Hayatımın ölümü yok etmeyeceği bir anlamı olup olmadığını aradığım dönemlerde bilimin bile buna bir cevabının olmadığını gördüm. Hayatın anlamsızlığı bilimle kanıtlanmıştır. Bilim sadece varoluşa cevap verebilmiştir. Aslında soru: Niçin yaşayayım?
Deneysel ve soyut bilimlerin tamamı hakkında yaşamım boyunca araştırma yaptım ve sonuç koca bir hiç! Hepsi sadece kendi alanları ile ilgili konuşuyorlar.Sonsuz gelişim yasası diye bir şey yok. ‘’Ne için yaşıyorum?’’ sorusuna bir cevap aramadığım yer kalmadı. Sonsuz gelişme yasası diye bir şey yok. Sonsuzlukta’’ben kimim’’ sorusuna verilebilecek bir cevap yok.
Deneysel bilimlere bakınca sonsuz uzayda ve sonsuz zamanda sonsuz derecede ‘’ne için varız?’’ sorusuna bir yanıt bulamazsınız. Var oluşun bir çözümü yok ve elimizde bir soru ile öylece kalakalıyoruz.
Soyut bilim insanı nihai sonuca gitmelidir. ‘’Ben kimim’’, ‘’evren nedir?’’ soruları Sokrates’e dek dayanır. Adını ne koyarsanız koyun bir öz vardır. Ben bu özden var oldum. Bu özün neden var olduğunu felsefe söylemez. İşte sana koca bir boşluk. Evren;her şey ,her şey ve hiçbir şeydir.
- Mükemmel evrende her şeyin bir denge halinde olmasının neden bozulmadan duracağına inanıldığını bende anlamış değilim. Siz bayım, mucizelere zerrece inanmayan benim gibi birinin karşısında tüm mükemmelliğinizle oturup evren yasalarını yok saymamı istiyorsunuz. İsminizi burada telaffuz edecek olsam kendi deliliğim kanıtlamış olacağım.
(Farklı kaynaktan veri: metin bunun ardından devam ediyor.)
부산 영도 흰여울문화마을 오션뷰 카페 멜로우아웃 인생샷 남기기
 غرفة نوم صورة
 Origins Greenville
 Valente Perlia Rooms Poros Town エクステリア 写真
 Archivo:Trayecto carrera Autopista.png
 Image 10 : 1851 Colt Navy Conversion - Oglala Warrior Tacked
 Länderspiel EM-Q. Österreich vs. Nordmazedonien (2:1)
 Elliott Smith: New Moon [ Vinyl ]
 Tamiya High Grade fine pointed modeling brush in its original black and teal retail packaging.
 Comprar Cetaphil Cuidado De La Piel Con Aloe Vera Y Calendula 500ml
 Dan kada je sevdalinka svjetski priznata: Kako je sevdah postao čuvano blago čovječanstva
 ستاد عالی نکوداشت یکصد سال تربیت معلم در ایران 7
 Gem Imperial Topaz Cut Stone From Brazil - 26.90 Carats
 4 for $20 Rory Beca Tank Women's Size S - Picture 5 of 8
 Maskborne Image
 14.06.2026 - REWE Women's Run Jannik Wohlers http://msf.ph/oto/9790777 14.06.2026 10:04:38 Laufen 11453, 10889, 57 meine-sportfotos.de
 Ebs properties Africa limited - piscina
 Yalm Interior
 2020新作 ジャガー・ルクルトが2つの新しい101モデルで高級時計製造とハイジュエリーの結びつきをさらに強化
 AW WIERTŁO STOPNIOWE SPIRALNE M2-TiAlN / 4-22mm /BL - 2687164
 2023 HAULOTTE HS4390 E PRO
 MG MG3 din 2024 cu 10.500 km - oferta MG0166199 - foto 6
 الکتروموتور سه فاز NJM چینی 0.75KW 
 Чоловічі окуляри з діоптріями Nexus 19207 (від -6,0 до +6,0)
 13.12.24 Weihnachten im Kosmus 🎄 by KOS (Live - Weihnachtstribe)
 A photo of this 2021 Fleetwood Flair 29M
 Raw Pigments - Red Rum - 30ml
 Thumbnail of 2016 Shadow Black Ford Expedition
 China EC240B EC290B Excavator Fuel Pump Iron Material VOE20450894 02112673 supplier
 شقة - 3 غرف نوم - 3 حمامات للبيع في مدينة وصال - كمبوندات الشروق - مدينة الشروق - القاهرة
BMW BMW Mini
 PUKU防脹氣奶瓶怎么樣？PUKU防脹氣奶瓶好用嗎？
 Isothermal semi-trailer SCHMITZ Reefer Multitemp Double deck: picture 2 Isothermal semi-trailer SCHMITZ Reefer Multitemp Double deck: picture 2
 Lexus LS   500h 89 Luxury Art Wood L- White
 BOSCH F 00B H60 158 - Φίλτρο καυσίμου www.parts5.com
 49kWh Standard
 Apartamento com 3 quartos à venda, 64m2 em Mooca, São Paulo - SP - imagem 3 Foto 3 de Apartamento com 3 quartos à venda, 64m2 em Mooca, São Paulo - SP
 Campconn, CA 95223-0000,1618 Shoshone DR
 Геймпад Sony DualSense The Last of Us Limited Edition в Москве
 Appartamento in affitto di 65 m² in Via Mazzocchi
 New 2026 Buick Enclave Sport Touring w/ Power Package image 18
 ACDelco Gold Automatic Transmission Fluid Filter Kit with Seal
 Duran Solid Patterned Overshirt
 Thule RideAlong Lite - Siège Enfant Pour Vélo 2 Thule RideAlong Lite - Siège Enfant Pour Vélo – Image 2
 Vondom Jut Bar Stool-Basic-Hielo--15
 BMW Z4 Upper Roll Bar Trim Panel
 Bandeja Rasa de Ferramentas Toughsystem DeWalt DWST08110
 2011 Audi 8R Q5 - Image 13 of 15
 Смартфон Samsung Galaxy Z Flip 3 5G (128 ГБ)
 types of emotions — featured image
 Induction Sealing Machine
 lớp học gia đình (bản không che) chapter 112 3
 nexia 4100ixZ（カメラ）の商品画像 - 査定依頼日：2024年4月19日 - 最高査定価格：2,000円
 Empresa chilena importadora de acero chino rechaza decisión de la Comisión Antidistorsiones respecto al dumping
Hani demiştiniz ya,’’ hayatım aptalca bir şaka,elimde olmadan beni buraya birinin koyması bir şaka’’ Kim gülüyor bize? Bir şakanın içinden siz böyle karşımda durdukça başka bir şaka doğmuş oluyor.
Bir hayvandan kaçan adamın öyküsünde yaşıyorum ben. Bazen dalı kemiren farelerle,bazen dalın kendisi ile,bazen kuyunun dibindeki ejderha ile,bazen kurumuş o kuyu ile, bazen de yukarıda beni bekleyen vahşi hayvan ile yer değiştiriyorum. Empati koca bir saçmalık. İnsanı eriten bir eylem. Sizi defalarca kez,yüzlerce kelimeniz den okudum. Yine de varoluşun içindeki savaşınızı lüks bir malikane, ihtişamlı bir yaşam içinden vermiş olmanıza bir anlam veremedim. Bunu eleştirme hakkımın olmadığını düşünebilirsiniz. Siz Süleyman’a atıfla bu durumunuzu kotaracak olsanız bile ben bu empati de yokum.
- Artık gerçek anlamda tanışmış olduğumuza göre böyle sert bir yumruk atmak hakkınız olduğunu düşündünüz küçük hanım. Bunu itiraf etmiştim ‘’ Şunu kabul ediyorum ki, bizimkisi hayatın kendisi değil bir taklidiydi’’ sözlerimle. Yine de hakkımda bunca şey biliyor olmanızdan memnunum. Ancak itirafımın sizin tarifinize cevap olacak kadar sığ olmadığını kavramış olmanızı umuyorum. Burada çok daha fazlasını demek istemiştim. Yaşanan hayatın tamamı hakkında bir görüştü o.
Yaptığım onca akıl yürütmelerin sonunda edindiğim şey; Hiçbir şey! ‘’Güç güçtür, madde maddedir, irade iradedir, sonsuz sonsuzdur, hiçbir şey hiçbir şeydir. Elde edebileceğim tüm sonuç buydu’’ derken sadece kendi hayatıma değil tüm olan bitene bakarak konuşmuştum.
- Biz sıradan insanların sizi anlamaya çalışması bile sizin için bir teselli olamadı değil mi? Önce kendinize,sonra tüm hepimize dargın ayrıldınız aramızdan. Geride bıraktığınız çözümlerin aslında cevabını bulmamız gereken sorular olduğunu okudukça anlıyorum. Sonlu ve sonsuzu karşılaştırmak yerine uç uca eklemeye çalışan felsefe bilginlerinin bize yaşadığımızdan daha mükemmel bir dünya olmayacağını söylemeleri bile aklımızı karıştırmaya yetiyordu oysa. Siz ölümün tek gerçek olduğunu söylediğinizden beri pek çoğumuz hayatın anlamsız olduğuna inanmayı seçtik. Şimdi mutlu musunuz? Hayatın anlamı nedir? Bana,’’sen hayatım dediğin şeysin’’ demiştiniz kitaplarınızda. Madem ki bizler rastlantısal varlıklar isek,parçacıkların tesadüfen bir araya gelmesi ile var olunmuş isek bu hayatımız dediğimiz şey de neden söz hakkımız olsun? Bundan sonra olacak olan şeylerde rastlantısal değil mi? Seçimlerimizin yön belirleyici olması gerek mezmi? Aksini düşünmek kaderci bir yaklaşımdır. Siz ise tam da böyle birisiniz. Kaderciliğinizin karşısında olduğunuz dinler için vaz geçilmez bir unsur olduğunu görmemiş olamazsınız.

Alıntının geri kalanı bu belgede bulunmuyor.